**Problem**
Transcribe the entries below exactly, starting with the line that has "Moving the arrowheads" and stopping after the line that has "Then you have"; no pictures belong in the copy.

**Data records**
|---|
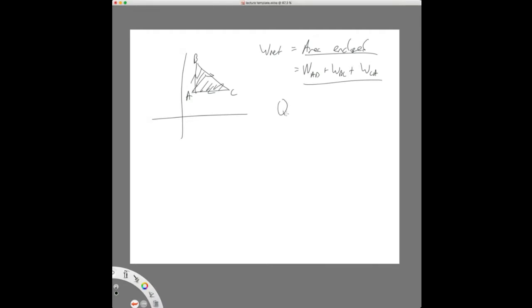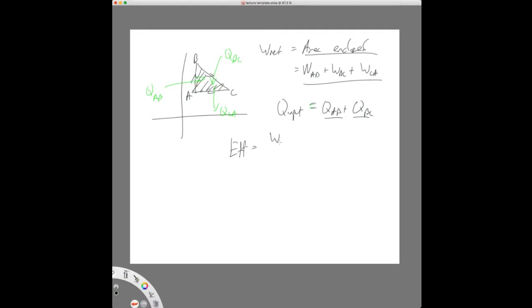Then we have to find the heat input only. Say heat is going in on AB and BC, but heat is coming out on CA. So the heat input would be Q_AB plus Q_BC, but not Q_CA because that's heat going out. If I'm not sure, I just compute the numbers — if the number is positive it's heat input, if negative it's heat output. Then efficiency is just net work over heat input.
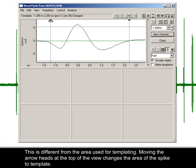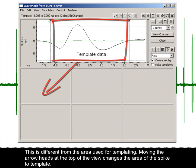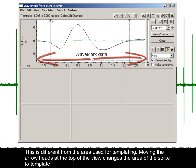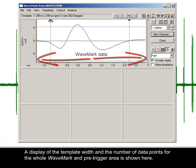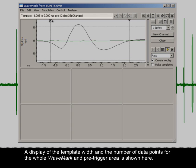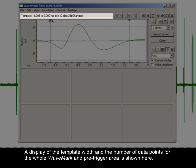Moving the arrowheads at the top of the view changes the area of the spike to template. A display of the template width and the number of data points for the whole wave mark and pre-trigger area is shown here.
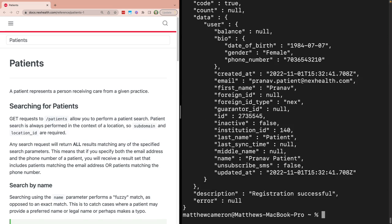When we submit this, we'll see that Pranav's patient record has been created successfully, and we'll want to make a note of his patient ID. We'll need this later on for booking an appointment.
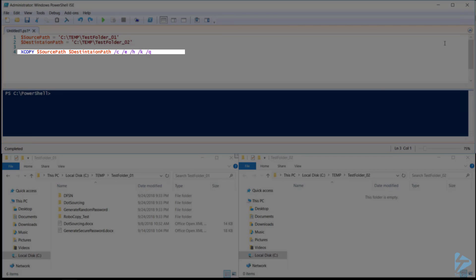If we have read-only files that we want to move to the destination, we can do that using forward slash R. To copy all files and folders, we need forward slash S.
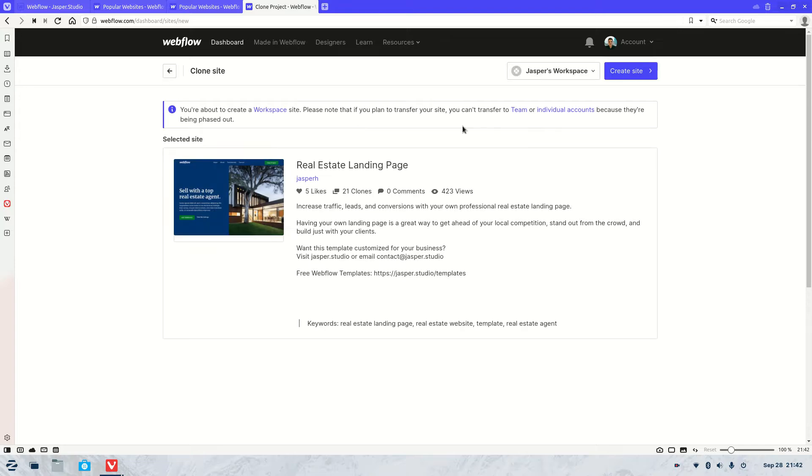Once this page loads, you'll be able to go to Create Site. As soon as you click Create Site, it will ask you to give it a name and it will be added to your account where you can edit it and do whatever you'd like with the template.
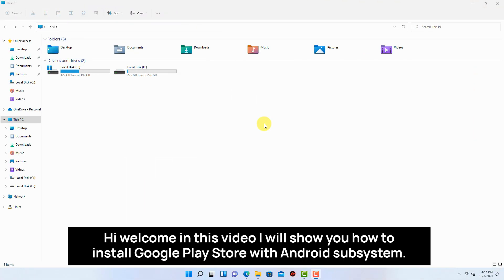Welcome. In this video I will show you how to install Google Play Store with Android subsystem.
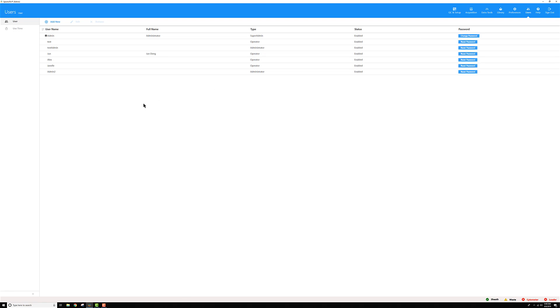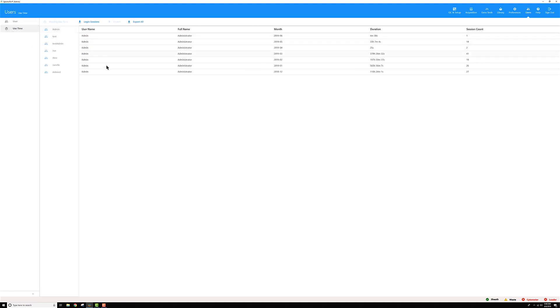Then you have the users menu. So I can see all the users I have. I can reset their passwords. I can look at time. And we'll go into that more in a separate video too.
|---|
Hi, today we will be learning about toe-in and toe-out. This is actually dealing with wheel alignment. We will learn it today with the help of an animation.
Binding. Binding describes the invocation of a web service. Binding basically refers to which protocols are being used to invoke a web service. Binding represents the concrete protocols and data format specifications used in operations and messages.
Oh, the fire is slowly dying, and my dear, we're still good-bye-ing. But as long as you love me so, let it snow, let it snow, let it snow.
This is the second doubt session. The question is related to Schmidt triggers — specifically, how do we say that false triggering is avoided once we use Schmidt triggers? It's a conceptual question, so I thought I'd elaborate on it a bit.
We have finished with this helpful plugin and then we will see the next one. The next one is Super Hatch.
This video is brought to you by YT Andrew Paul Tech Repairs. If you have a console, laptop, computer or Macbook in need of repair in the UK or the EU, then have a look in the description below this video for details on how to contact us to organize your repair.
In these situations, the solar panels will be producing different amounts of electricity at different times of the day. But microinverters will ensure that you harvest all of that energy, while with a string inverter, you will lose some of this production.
|---|
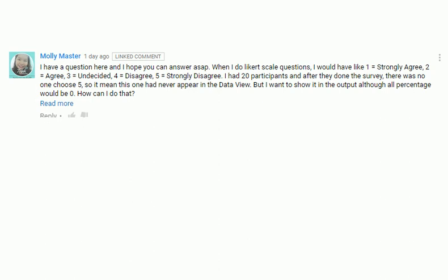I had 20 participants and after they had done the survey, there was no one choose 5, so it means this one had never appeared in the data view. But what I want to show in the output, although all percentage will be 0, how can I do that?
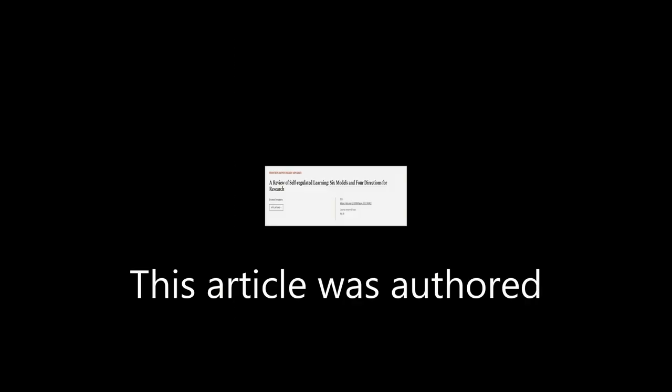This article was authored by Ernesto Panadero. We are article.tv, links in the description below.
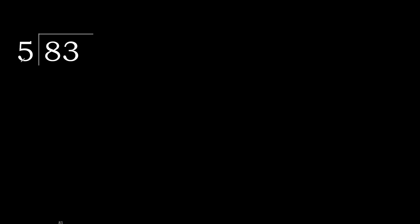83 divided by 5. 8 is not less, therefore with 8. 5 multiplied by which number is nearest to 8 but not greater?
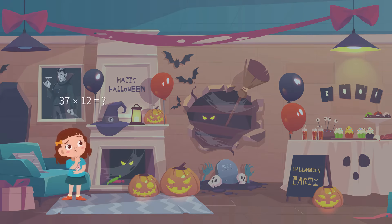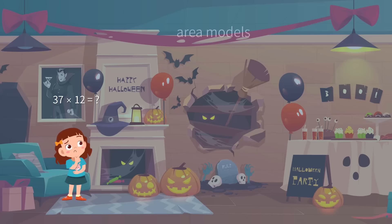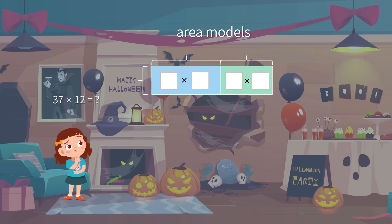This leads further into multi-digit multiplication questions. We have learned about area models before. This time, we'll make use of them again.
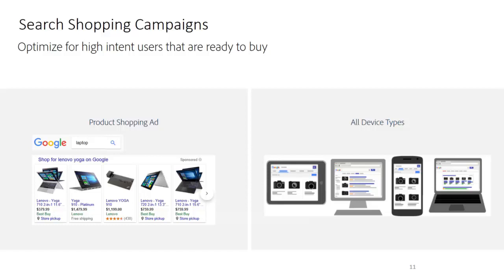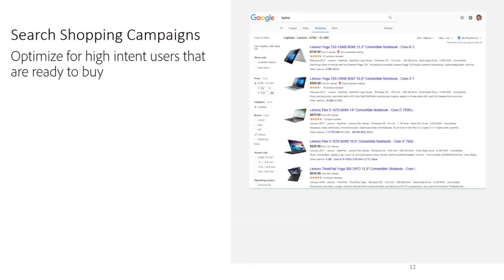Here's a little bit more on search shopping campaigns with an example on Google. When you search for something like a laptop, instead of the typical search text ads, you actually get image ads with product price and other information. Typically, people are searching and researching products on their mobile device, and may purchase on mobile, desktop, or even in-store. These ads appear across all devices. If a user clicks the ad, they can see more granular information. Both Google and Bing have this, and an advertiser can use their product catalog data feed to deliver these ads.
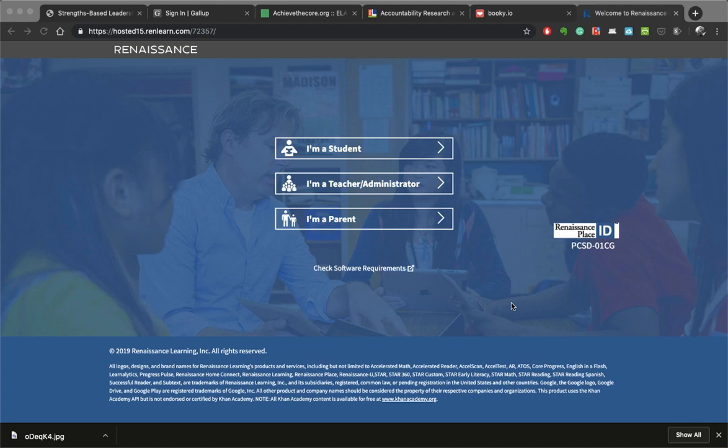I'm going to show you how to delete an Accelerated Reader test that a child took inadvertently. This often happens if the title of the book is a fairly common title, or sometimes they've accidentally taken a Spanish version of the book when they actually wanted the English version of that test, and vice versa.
|---|
**Task response**
Moving the arrowheads at the top of the view changes the area of the spike to template. A display of the template width and the number of data points for the whole wave mark and pre-trigger area is shown here.
When we submit this, we'll see that Pranav's patient record has been created successfully, and we'll want to make a note of his patient ID. We'll need this later on for booking an appointment.
If we have read-only files that we want to move to the destination, we can do that using forward slash R. To copy all files and folders, we need forward slash S.
Once this page loads, you'll be able to go to Create Site. As soon as you click Create Site, it will ask you to give it a name and it will be added to your account where you can edit it and do whatever you'd like with the template.
Welcome. In this video I will show you how to install Google Play Store with Android subsystem.
Then you have the users menu. So I can see all the users I have. I can reset their passwords. I can look at time. And we'll go into that more in a separate video too.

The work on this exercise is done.